Benito Cereno has three sources of narration:
1. A limited third person narration that divides in two:
a. Primarily, the narrator limits him/herself to the thoughts and perceptions of Amasa Delano, so everything is described from Delano’s persepective.
b. At times, the narrator demonstrates fuller knowledge than Delano has, even lightly criticizing Delano’s naivete: in particular, the third person narrator seems already to be familiar with the events described in the deposition.

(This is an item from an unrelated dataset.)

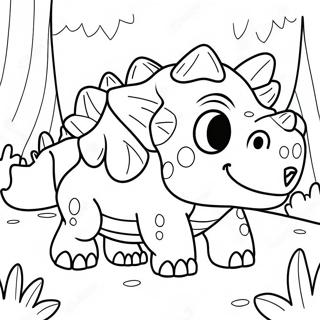 Cute Ankylosaurus In A Forest Coloring Page 30614-24676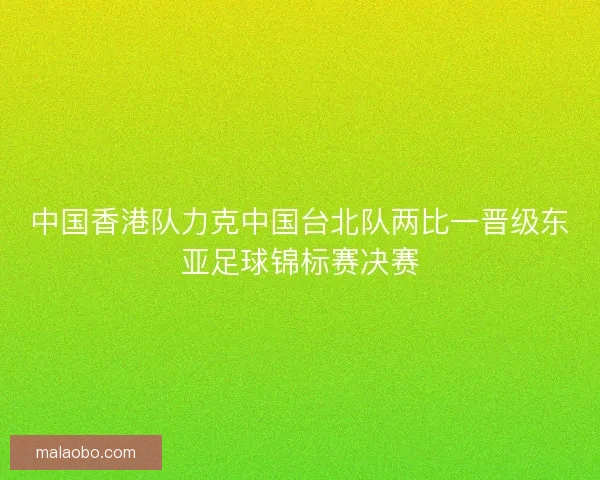 中国香港队力克中国台北队两比一晋级东亚足球锦标赛决赛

2. The objective, impersonal third person narration of the deposition, which records (an edited version of) the official law documents associated with the case of the San Dominick. No particular narrator is associated with the deposition, but it’s obviously coming from some source. Just for fun, I call the seemingly invisible, un-identifiable narrator of the Deposition Lucy Lawless.
So here’s the question for you to consider: Can you name any aspect of Lucy Lawless’s account that might be inaccurate, biased, or incomplete? If so, can you identify a person from the story who might be able to provide a more complete, less biased, or more accurate version of that aspect of the story? If not, please explain why you believe that Lucy Lawless tells the whole truth and nothing but the truth, accurately and without prejudice. Please post your ideas in an original thread, providing accurate and precise cited evidence to illustrate your thinking, and explain the evidence that you provide, as necessary.
Then, respond thoughtfully to at least one post from a classmate. A ‘thoughtful’ response will a) reinforce the evidence by pointing out other examples of the same theme and/or b) extend the logic by thinking about the idea: quibbling with the interpretation, considering the implications of the claim, identifying seeming internal contradictions, identifying fundamental assumptions, refining distinctions, etcetera. Avoid simply agreeing or amplifying another’s claim. Thoughtful posts must be original, and may not repeat posts made by others.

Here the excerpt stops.